An International Space Station school contact has been planned with participants at Volkssterrenwacht Urania, Hove, Antwerp,  Belgium, on 24 August. The event is scheduled to begin at approximately 11:30 UTC.

The duration of the contact is approximately 9 minutes and 30 seconds. The contact will be a telebridge between NA1SS and VK4KHZ. The contact should be audible over parts of Australia. Interested parties are invited to listen in on the 145.80 MHz downlink. The contact is expected to be conducted in Dutch.

 

Flanders has five public observatories involved in the discovery of the wonderful world of astronomy. Urania is one of them. During antiquity, Urania was the Astronomy Muse. Today, Urania is trying to inspire people with astronomy and side sciences such as meteorology and astronautics. You can thus choose between a whole range of activities and services: lessons for beginners and experienced, guided tours of the observatory, an extended documentation center, various publications, stargazing evenings, conferences, Urania Mobile (Flanders' first mobile observatory) and the astroshop. 

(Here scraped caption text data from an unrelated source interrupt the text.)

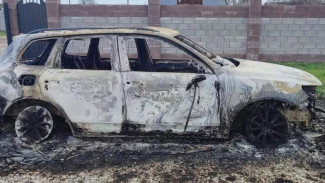 Москвич сжег в Крыму чужой автомобиль с пятью миллионами рублей в салоне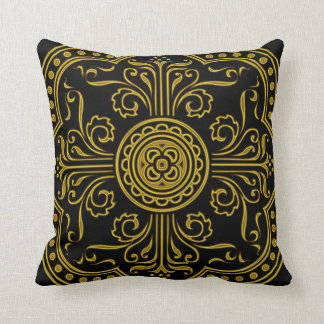 Coussin Médaillon baroque de style en or antique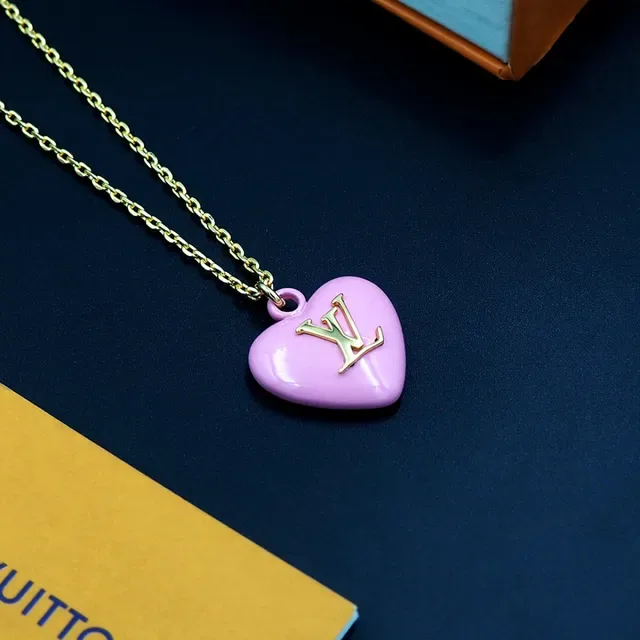 Louis Vuitton Heart Pendant Pink Gold Curb Chain Enamel Necklace 4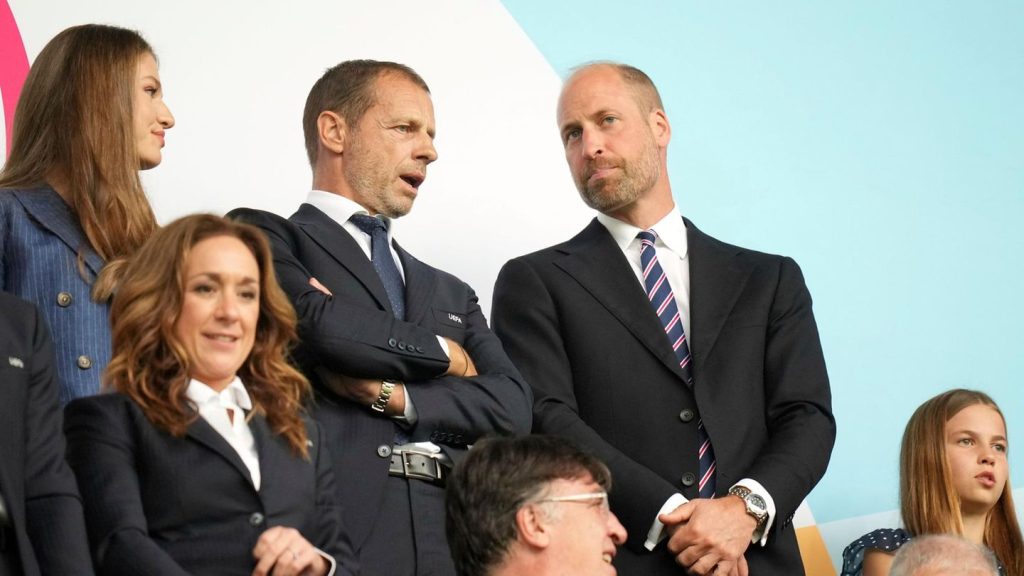 Endspiel in Basel: Diese Royals und Promis fiebern beim EM-Finale auf der Tribüne mit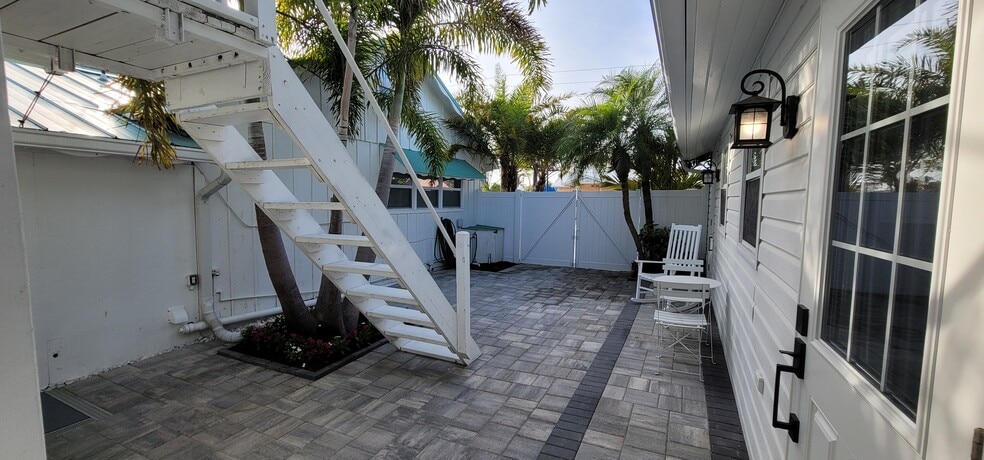 More Photos Of 3351 Bahia Vista St, Sarasota Storefront For Sale
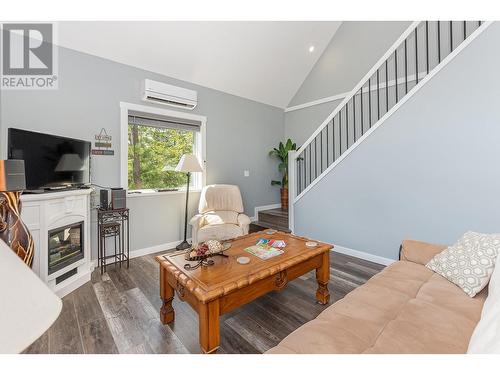 106 Parkside Place, Enderby, BC - Indoor Photo Showing Living Room With Fireplace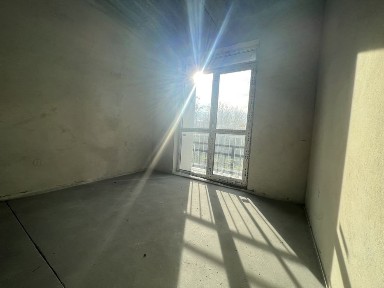 Терміново! Готова 1 кім 3 пов Біля Парку та Озера ( Реальні Фото )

This "Space Talk" will boost activities at the start of the new season.   

  

 

Participants will ask as many of the following questions (translated) as time allows:



1. Wat ging er in je om vlak voor je vertrek?
   What was your feeling just before launch?
2. Waar ben je eigenlijk het liefst, op aarde of in de ruimte? 
   Where do you prefer to be, on earth or in space?
3. Slaapt jij in de ruimte ook als wij hier in België slapen? 
   Do you sleep in space the same way we do on earth?
4. Kunnen jullie in de ruimte even goed ruiken en smaken als op de aarde? 
   Can you smell and taste in space as well as on earth?
5. Wordt er aan boord van het ISS nog steeds gewerkt met een solid fuel   

   oxygen generator?
   Do you still use a solid fuel oxygen generator aboard ISS?
6. Zitten er in het ISS vliegen of muggen?
   Are there flies or mosquitos in the ISS?
7. Wat eten jullie allemaal in de ruimte?
   What do you eat in space? 
8. Heb je veel planeten gezien?
   Did you see lots of planets?
9. Zie je sterren naast de zon?
   Can you see stars close to the sun? 
10. Is er ooit al een glazen voorwerp gebroken in het ISS?
    Has glass ever been broken aboard the ISS?
11. Waarom kan je zweven in het ruimtestation?
    Why can you float aboard the space station?
12. Kan je van daarboven zien of het bij ons bliksemt ? En wat zie je dan ?
    Can you see from space if there are thunderstorms on earth? What do you    

    see?
13. Hoe kan jij je douchen in het ruimtestation als het water er gewoon gaat   

    rondzweven?
    How can you take a shower in the space station, where water will float  

    around?
14. Wat doe je als je ruzie hebt met een andere Kosmonaut/Astronaut?
    What do you do if you have an argument with a cosmonaut or astronaut?
15. Voel je de trillingen tijdens de lancering van de raket?
    Did you feel vibrations during the rocket launch?
16. Als we naar planeten kunnen reizen, naar welke zou je het liefst gaan en  

    waarom?
    If we could travel to planets, which one would you prefer to visit, why?
17. Hoe mooi is de Aarde, wat ziet u allemaal?
    How beautiful is the earth? What do you see actually?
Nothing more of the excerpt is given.